Recently, a research team led by Prof. Tang Yongbing and Dr. Zhang Miao at the Shenzhen Institutes of Advanced Technology (SIAT) of the Chinese Academy of Sciences published a paper entitled "Uniform Distribution of Alloying/Dealloying Stress for High Structural Stability of Al Anode in High Areal Density Lithium Ion Battery" on Advanced Materials, which showed how the researchers improved the cycling performance of Al-based batteries with a high areal density cathode.
In previous studies, the team developed a new lithium-ion battery configuration with high efficiency and low cost, which used an integrated design of aluminum foil to replace the graphite anode and the Cu current collector of conventional LIBs, omitting conventional anode materials. Thus, dead weight and dead volume could be greatly reduced, further improving energy densities of this battery. Nevertheless, this integrated anode also has a problem with cycling stability when assembled with a high areal density cathode.

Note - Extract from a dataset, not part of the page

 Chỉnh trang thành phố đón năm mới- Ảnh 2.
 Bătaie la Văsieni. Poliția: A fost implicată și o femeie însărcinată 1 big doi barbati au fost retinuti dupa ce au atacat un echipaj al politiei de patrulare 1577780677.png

In this work, the team found that the cracking and pulverization of the Al anode could be attributed to the uneven charge/discharge reaction along the boundaries of pristine Al, which led to the stress concentration and ultimate failure of the Al anode. They then found it was possible to extend the lifetime of the Al anode via uniform distribution of the alloying/dealloying stress.
Tang and his collaborators promoted an inactive (Cu) and active (Al) codeposition strategy to homogeneously distribute the alloying sites and disperse the stress of volume expansion, which is beneficial in obtaining the structural stability of the Al anode (namely Cu-Al@Al).
Owing to the homogeneous reaction and uniform distribution of stress during the charge/discharge process, the full battery of Cu-Al@Al assembled with a high LiFePO4 cathode areal density of 7.4 mg cm-2 achieved a capacity retention of ~88% over 200 cycles, which is the best performance of Al anodes in full batteries with a cathode of such high areal density.
The study suggests that this inactive/active design provides a viable way to solve the problem of Al anodes and offers possibilities for practical applications of Al anodes.